Finora si è parlato molto, ma si è fatto poco. Credo che l'impegno comune di tutti, dai cittadini alle imprese, dalla comunità sociale agli operatori del settore, dalle autorità pubbliche alla scuola, sia far crescere la presenza italiana in rete. Per la nostra economia e per la nostra cultura.

Per quanto riguarda le "regole", può essere utile ricordare che ALCEI fu la prima, già nel 1994, a parlare di "autoregolamentazione". Ci trovammo allora, e molte volte negli anni successivi, davanti a tre forme di opposizione. Di chi vuole a tutti i costi imporre "dall'alto" regole e discipline. Di chi si oppone in modo estremo a qualsiasi regola, anche alle più elementari consuetudini della convivenza civile. E di chi, con una certa miopia, bada solo al suo "particulare" (cioè a interessi di settore o addirittura di singola impresa). Avevamo proposto allora quelli che forse un po' troppo solennemente chiamavamo "gli stati generali della telematica", cioè un incontro aperto e chiaro fra tutti i settori e i "mondi" della comunicazione interattiva per cercare un'intesa sui princìpi fondamentali. Se quell'idea non si è realizzata dipende in parte da un'insufficiente aggressività di ALCEI; ma molto dal disinteresse di tutti gli altri. Sarebbe stato meglio agire in anticipo, come noi allora proponevamo; ma "non è troppo tardi" e rimane aperta la nostra disponibilità al dialogo.

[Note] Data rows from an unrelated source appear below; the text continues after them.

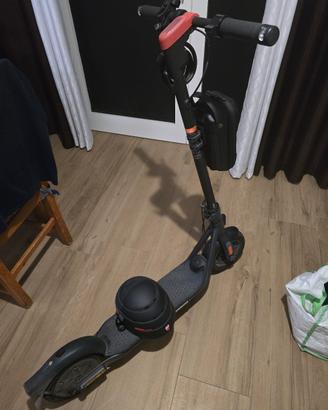 Ninebot Kickscooter F2 Segway Monopattino 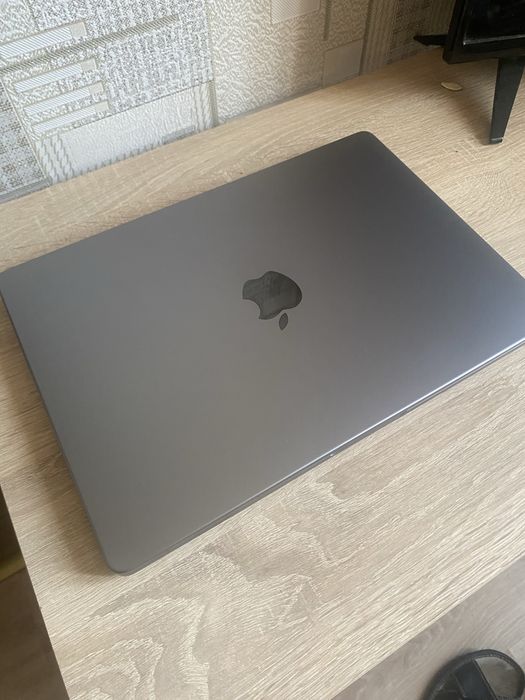 MacBook Pro 14” M1 Pro (2021)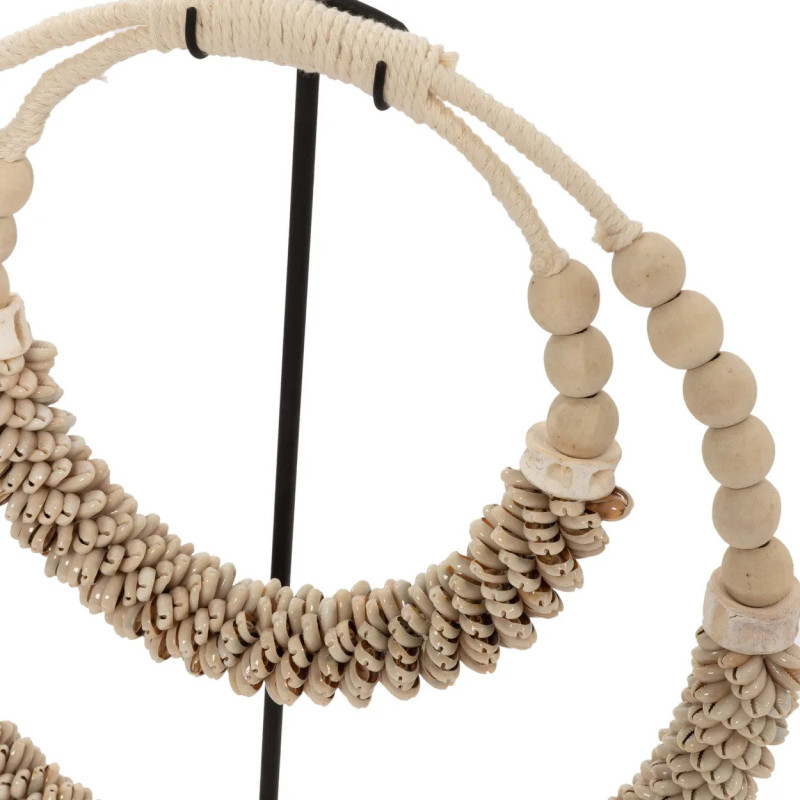 Décoration collier de coquillages sur...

Un punto però rimane fermo nella nostra posizione: siamo contrari a ogni forma di repressione o censura, comunque travestita; e crediamo che lo sviluppo della società civile debba basarsi sull'informazione e la formazione culturale dei cittadini, non sulla "tutela". Perché se si trattano i cittadini come bambini stupidi e incapaci è troppo facile che i bavaglini si trasformino in bavagli.